Although it may appear that the applicability of the OIG review is narrowly focused and only applies to USEPA Brownfields Grant sites, it should be noted that the CERCLA All Appropriate Inquiries Regulations are the same for both USEPA Brownfields grant sites and for private sector properties where a Phase I ESA using American Society of Testing and Materials (ASTM) Standards is being performed to obtain the liability limitations available under CERCLA. As noted by USEPA on its Brownfields and Land Revitalization web page (http://www.epa.gov/brownfields/aai/):
“EPA now recognizes both ASTM International's E1527-05 "Standard Practice for Environmental Site Assessments: Phase I Environmental Site Assessment Process" and ASTM E2247-08 "Standard Practice for Environmental Site Assessments: Phase I Environmental Site Assessment Process for Forestland and Rural Property" as compliant with the All Appropriate Inquiries Regulation. Either of these ASTM International Phase I standards may be used to satisfy the statutory requirements for conducting all appropriate inquiries under the Comprehensive Environmental Response, Compensation and Liability Act (CERCLA).”
All 35 AAI reports reviewed by the OIG had been prepared using the ASTM E1527-05 Standard. Based on its review, OIG concluded that none of the 35 AAI reports “contained all the required elements to document that AAI was done in compliance with federal requirements.” Specifically, the OIG stated the reports lacked one or more of the following AAI elements:
- Environmental Professional (EP) Statement of Qualifications. All of the 35 reports failed to include the required statement to certify the qualifications of the EP. 16 of the 35 reports included deviations from the required qualifications statement, which consisted of either no statement or the statement was abbreviated or modified. The remaining 19 reports generally contained the three required sentences, but included inconsistent wording. For example, use of the terms “we” or “our” when only one EP signed the qualifications statement.
- EP Signature(s). Nine of the 35 reports were not signed by the responsible EP.
- EP Statement on Data Gaps. Seven of the 35 reports did not include a statement of data gaps.
- EP Opinion Statement (in Conclusion section). All of the 35 reports failed to include the required EP opinion statement in the Conclusion section. While most of the reports included these statements, the statements deviated from the required wording in the ASTM Standard.
The OIG is concerned that modifications or departures from the use of the required language might be indicative that the EP did not actually perform of oversaw the AAI investigation. Furthermore, discrepancies in the opinion statements and missing statements for data gaps suggest that the work was not performed adequately to identify recognized environmental conditions (RECs). Hence, potential threats to human health and the environment might not be recognized.

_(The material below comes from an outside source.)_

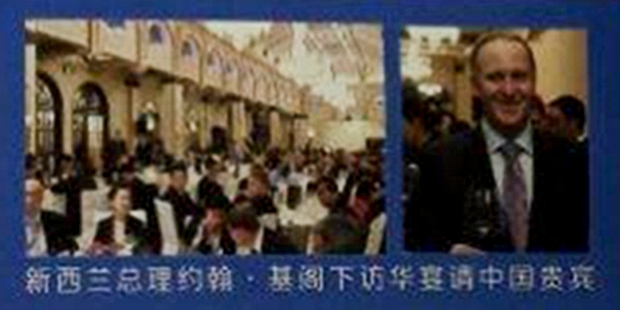 John Key's picture in the Oravida advertisement in the Chinese in-flight magazine.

While the OIG’s report only reviewed AAI reports prepared for the USEPA under its Brownfields program, the conclusion that 100% of the AAI reports were deficient and did not meet the requirements of the CERCLA All Appropriate Inquiries Regulations is troubling. In particular, it calls into question whether private sector AAI reports being prepared using ASTM E1527-05 are being prepared in full compliance with the requirements of ASTM E1527-05 and the CERCLA All Appropriate Inquiries Regulations. If for nothing else, the OIG report should serve as a warning to both those entities using and those preparing AAI reports to take a greater degree of care in ensuring that AAI reports are prepared in compliance with the ASTM Standards and the CERCLA All Appropriate Inquiries Regulations.